Django annotate queryset with intersection count

2019-07-14 09:30发布

问题:

Djangonauts, I need to tap your brains.

In a nutshell, I have the following three models:

class Location(models.Model):
    name = models.CharField(max_length=100)


class Profile(models.Model):
    locations_of_interest = models.ManyToManyField(Location)


class Question(models.Model):
    locations = models.ManyToManyField(Location)

I want to find all Profiles which locations of interest intersect with the locations specified for a certain question. That’s easy:

question = Question.objects.first()

matching_profiles = Profile.objects.filter(
    locations_of_interest__in=question.locations.all()
)

But in addition, I would also like to know to what extend the locations overlap.

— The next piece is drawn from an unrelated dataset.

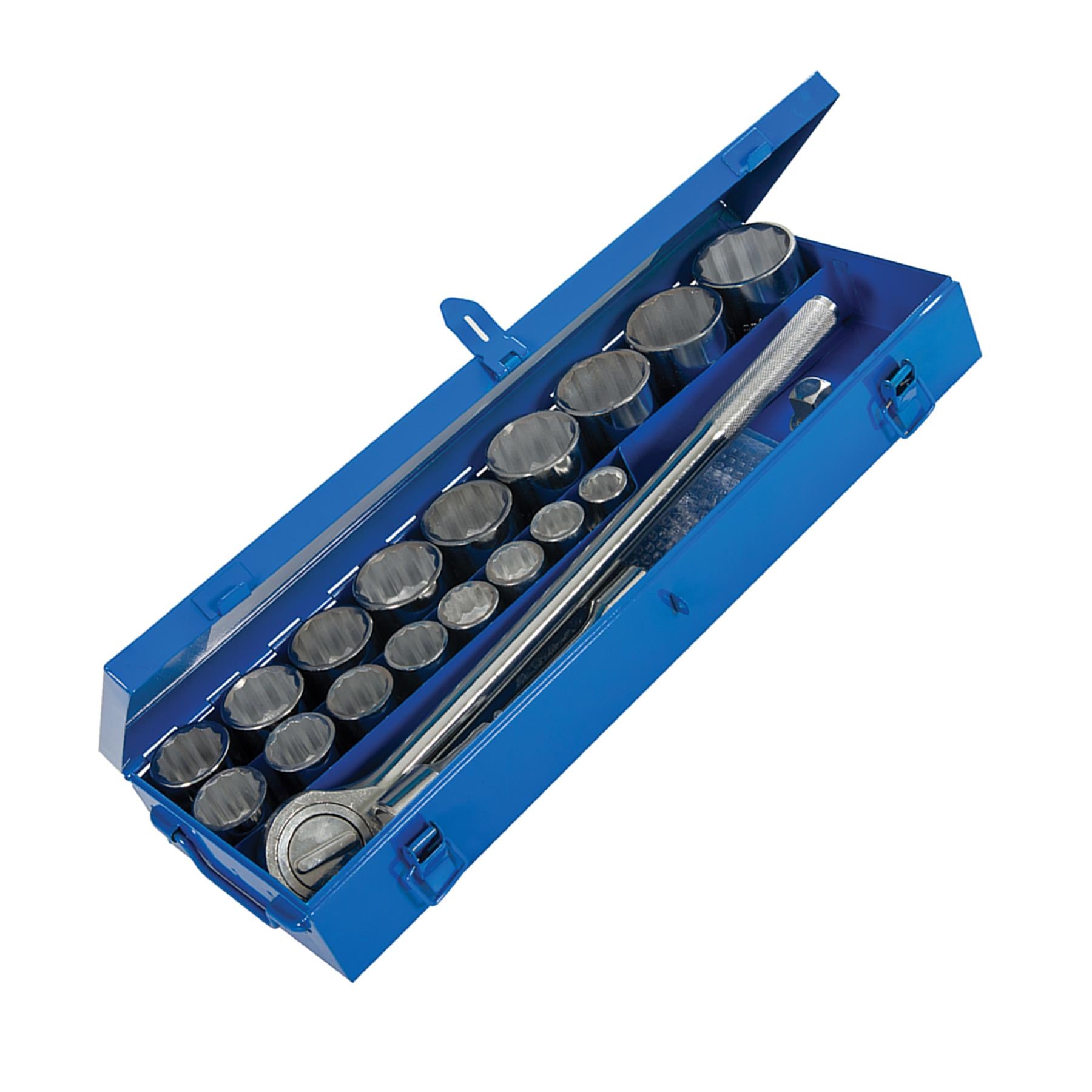 Socket Set 3/4" Drive Metric Wrench 21Pce 19-50mm Hand Tools High Quality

In plain python, I could do something like this:

question_location_names = [l['name'] for l in question.locations.all()]

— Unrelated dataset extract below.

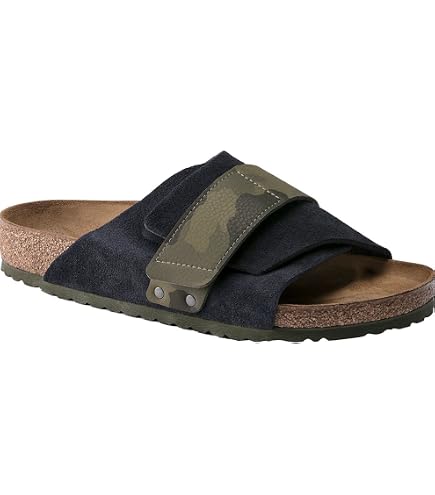 Amazon.com | Birkenstock Kyoto Midnight Camo Suede R 41 R EU | Slides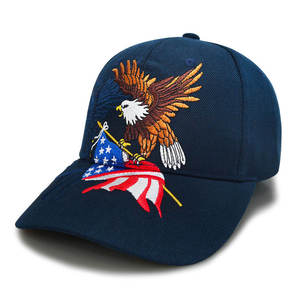 Wholesale USA Eagle Baseball Caps Fashion USA Golf <b>Hats</b> Custom Embroidered Multi-color Baseball <b>Hat</b> With Adjustable Back Closure - Product Image 2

for profile in matching_profiles:
    profile_location_names = [l['name'] for l in profile.locations_of_interest.all()]
    intersection = set(question_location_names).intersection(profile_location_names)
    intersection_count = len(list(intersection))
    # then proceed with this number

However, it seems to me favourable to do the operation directly in the database if possible.

TL;DR

So my question is:

Is there a way to annotate the profile queryset with this intersection count and that way do the operation in the database?

I have tried several things, but I don’t think they are helpful for those who read this and might know an answer.

回答1:

You can perform this with an .annotate(..) this with a Count(..) on the locations_of_interest number:

from django.db.models import Count

matching_profiles = Profile.objects.filter(
    locations_of_interest__in=question.locations.all()
).annotate(
    locnom=Count('locations_of_interest')
)

Now every matching_profiles instance, will have an attribute called locnom that contains the number of location of interests that matched with the filter.

Note that Profiles without such locations, will not be in the queryset, and that every Profile will occur at most once.

EDIT: counting multiple related non-overlapping (!) fields

You can extend this approach by counting non-overlapping joins, by using distinct=True:

from django.db.models import Count

matching_profiles = Profile.objects.filter(
    locations_of_interest__in=question.locations.all(),
    industries_of_interest__in=question.industries.all()
).annotate(
    locnom=Count('locations_of_interest', distinct=True),
    indnom=Count('industries_of_interest', distinct=True)
)

Note however that this approach scales typically then exponentially with the number of JOINs, so this is typically not scalable if you would add tens our hundreds of annotations.